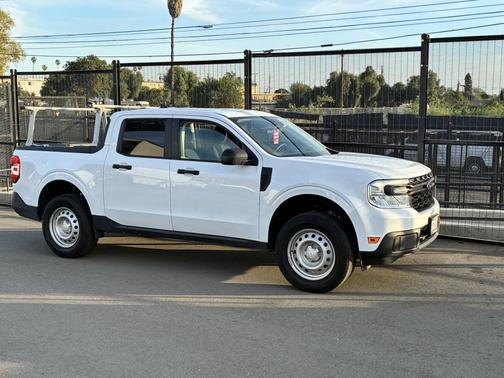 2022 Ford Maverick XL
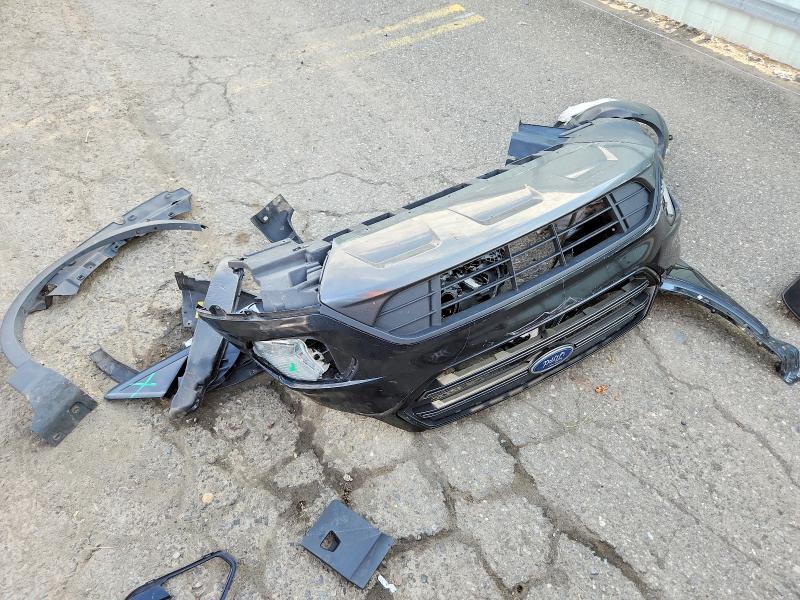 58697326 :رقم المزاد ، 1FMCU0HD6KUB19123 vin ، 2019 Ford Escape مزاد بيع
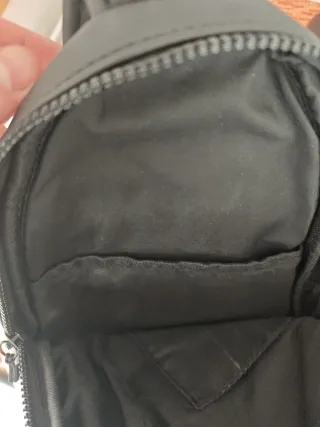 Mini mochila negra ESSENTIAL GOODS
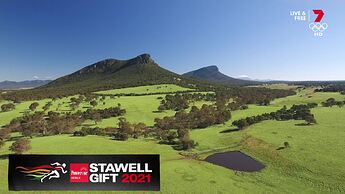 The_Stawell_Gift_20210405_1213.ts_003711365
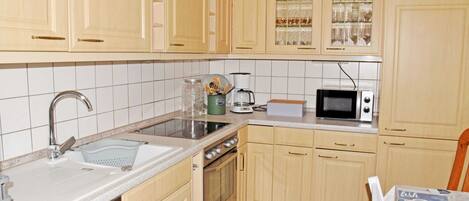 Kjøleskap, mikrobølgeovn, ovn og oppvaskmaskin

# Task details:
Please repeat, exactly and with nothing else, the lines from the one containing "The_Stawell_Gift_20210405_1213.ts_003711365" to the last line of the entries, both included, excluding any pictures.

# Reply to the exercise:
 The_Stawell_Gift_20210405_1213.ts_003711365
 Kjøleskap, mikrobølgeovn, ovn og oppvaskmaskin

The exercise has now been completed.